By an large, an electrical/electronics engineering education teaches you all the theory that underlies electronics. They go light on teaching you actual technology, because technologies go obsolete well before you want to retire.

I got my EE degree in 1988, when most signal processing was done with op-amps, diodes, resistors and capacitors. DSP was a thing, but it was mostly done with custom circuits*; audio-speed DSP was just barely viable to do useful things with it in a box the size of a book.

Between then and now, dedicated DSP chips have gone from being obscure, expensive, cutting-edge fringe technology to being (mostly**) obscure, expensive, obsolete fringe technology.

Somewhere around 2000, if you did signal processing that was synonymous with having a DSP chip in the mix. Today if you want to do DSP you'll probably do it using the SIMD extensions to whatever microprocessor is embedded in your product (or is on the phone that's executing your app). If the DSP is too intensive for that, it'll likely be happening in a GPU, an FPGA, or an ASIC.

But in all that time the theory hasn't changed. So be happy you're getting loaded up with theory -- it should last you your whole life.
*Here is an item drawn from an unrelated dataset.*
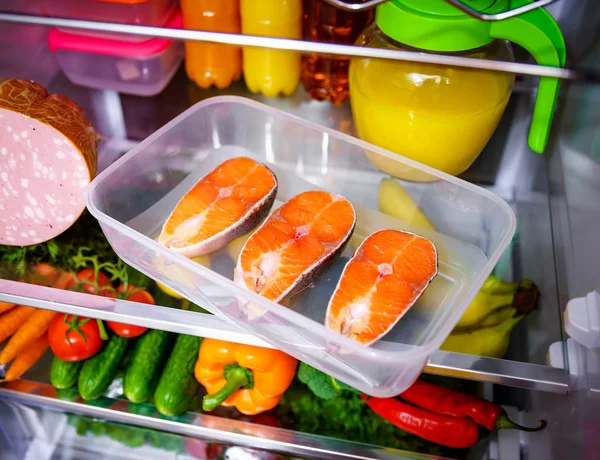 Filete de salmón crudo en el refrigerador abierto —  Fotos de Stock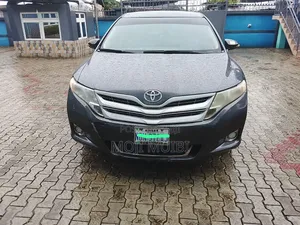 Toyota Venza 2010 Gray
Frankly, if those CS people you envy are just learning "how to code in Python" and not enough real computer science to learn how to code in any new thing, on the fly, when they need to, then they're being short-changed. So perhaps you should be grateful.

On the practical aspects

Start doing stuff on your own. Manufacturer's development kits are a great place to start, or open-source products (like the effects pedal mentioned in the other post) that you can modify.

If your school has them, shoot for getting a position as an undergraduate research assistant, preferably at a lab that deals with real equipment. You'll be at the very bottom of the pecking order, but in the right lab you'll be making actual equipment actually work. When you get out of school, you'll be the only one at your job who doesn't have gray hair who knows how equipment behaves when there's a broken wire or a dirty contact in a switch.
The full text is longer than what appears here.